If the goal is to stay within predefined RTOs/RPOs—leveraging automation to ensure that goal is efficiently achieved—disaster recovery would be the best route to go.
In case of data breach, loss, corruption or a natural disaster, not having a copy of the data can be catastrophic for a business.
Can you give us a hypothetical example of what could happen during a data breach event if the organization does not have a backup service?
In case of data breach, loss, corruption or a natural disaster, not having a copy of the data can be catastrophic for a business. Studies show most business do not recover from these situations. Having processes in place for both data protection and data redundancy is crucial. As a Solutions Architect, I see that these scenarios are the biggest backup and disaster recovery conversation initiators. Working for iland, which is a leader in Disaster Recovery as a Service (DRaaS), I speak to customers on a daily basis in similar circumstances. Recently, I spoke to a customer in the healthcare space that had encountered an internal data breach and data loss. Not only did business suffer financially, but it also created legal issues for the company. We helped them define their data redundancy requirement while keeping their business objectives in mind and establish a backup as well as a geographic disaster recovery solution to meet their business needs.
What does iland’s backup service entail?
Not only is iland a leader in the disaster recovery as a service, but we also lead the pack in providing backup as a service. We have partnered with the best enterprise backup solution provider on the market, Veeam, to provide offsite backup services via its latest software feature Veeam Cloud Connect. This solution fully integrates into the customer Veeam console where the end user has the ability to manage onsite/offsite backups and restores. It provides customers with the ability to encrypt, compress and de-duplicate data to ensure data sovereignty while keeping the data footprint as small as possible. The solution also eliminates the need for the VPN, as all encrypted backups happen over the WAN. It also provides a built-in WAN acceleration ability, ensuring data gets transferred as efficiently as possible.
iland also provides its Enterprise Cloud Services (ECS) customers with automatic seven-day backup, and teams can easily access and restore files via iland’s industry-recognized ECS portal—a single interface that enables customers to manage and analyze all of their global iland cloud operations, spend and recovery.
What are the pros and cons of backup services?

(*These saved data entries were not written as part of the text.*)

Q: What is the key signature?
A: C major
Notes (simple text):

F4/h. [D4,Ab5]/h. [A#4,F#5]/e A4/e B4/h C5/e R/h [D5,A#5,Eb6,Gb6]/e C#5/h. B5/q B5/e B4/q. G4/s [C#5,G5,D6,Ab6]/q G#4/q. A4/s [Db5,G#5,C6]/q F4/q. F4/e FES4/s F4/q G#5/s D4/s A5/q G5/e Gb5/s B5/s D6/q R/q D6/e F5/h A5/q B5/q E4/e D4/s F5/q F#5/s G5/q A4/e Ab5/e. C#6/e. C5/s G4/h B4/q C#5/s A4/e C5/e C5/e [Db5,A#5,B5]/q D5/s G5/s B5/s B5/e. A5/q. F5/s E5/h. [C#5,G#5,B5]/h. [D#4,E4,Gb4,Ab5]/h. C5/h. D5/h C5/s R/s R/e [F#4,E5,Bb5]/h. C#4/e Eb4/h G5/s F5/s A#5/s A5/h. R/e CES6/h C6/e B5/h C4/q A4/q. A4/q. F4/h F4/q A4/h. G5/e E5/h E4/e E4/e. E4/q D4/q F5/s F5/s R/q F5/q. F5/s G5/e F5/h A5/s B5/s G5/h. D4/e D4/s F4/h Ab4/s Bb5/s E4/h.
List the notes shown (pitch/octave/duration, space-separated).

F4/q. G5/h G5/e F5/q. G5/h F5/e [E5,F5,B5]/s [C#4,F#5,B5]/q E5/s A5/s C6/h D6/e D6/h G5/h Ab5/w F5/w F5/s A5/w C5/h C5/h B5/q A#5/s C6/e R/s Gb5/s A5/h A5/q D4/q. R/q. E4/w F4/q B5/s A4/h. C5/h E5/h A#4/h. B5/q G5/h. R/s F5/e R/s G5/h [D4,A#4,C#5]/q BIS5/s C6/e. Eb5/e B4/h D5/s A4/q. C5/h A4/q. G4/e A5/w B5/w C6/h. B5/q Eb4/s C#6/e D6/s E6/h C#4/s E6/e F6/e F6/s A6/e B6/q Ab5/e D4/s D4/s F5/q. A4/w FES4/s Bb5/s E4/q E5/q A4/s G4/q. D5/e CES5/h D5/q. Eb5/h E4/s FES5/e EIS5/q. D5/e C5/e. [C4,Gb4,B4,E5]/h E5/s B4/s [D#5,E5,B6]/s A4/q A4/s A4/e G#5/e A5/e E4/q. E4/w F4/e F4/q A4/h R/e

Backups are the most economical way of accomplishing data redundancy and establishing some piece of mind, as teams know there is another data copy available in case of data loss. Backup solutions have the ability to keep multiple point in time snapshots of data, such as daily, monthly and annual backups, as well as rich feature sets, such as encryption, data de-duplication, file level recovery and data retention. That said, generally, a backup solution does not focus on business RPO/RTO and automation for failover. If the business is focusing on recovery from an event – whether it be a natural catastrophe or smaller-scale incident – and ensuring minimal downtime, disaster recovery solution may be the route to go.
We thank Zeb for his insight and concise explanations of these important topics. Both backup and recovery are vital to mitigating first-party risk exposures such as business interruption due to a loss of systems, network and/or data. This issue warrants the attention of risk managers in companies large and small, across all sectors—with the only possible exception being a roadside stand selling fruits and vegetables. Even then, that business might have a website and might need to think about having solutions in place.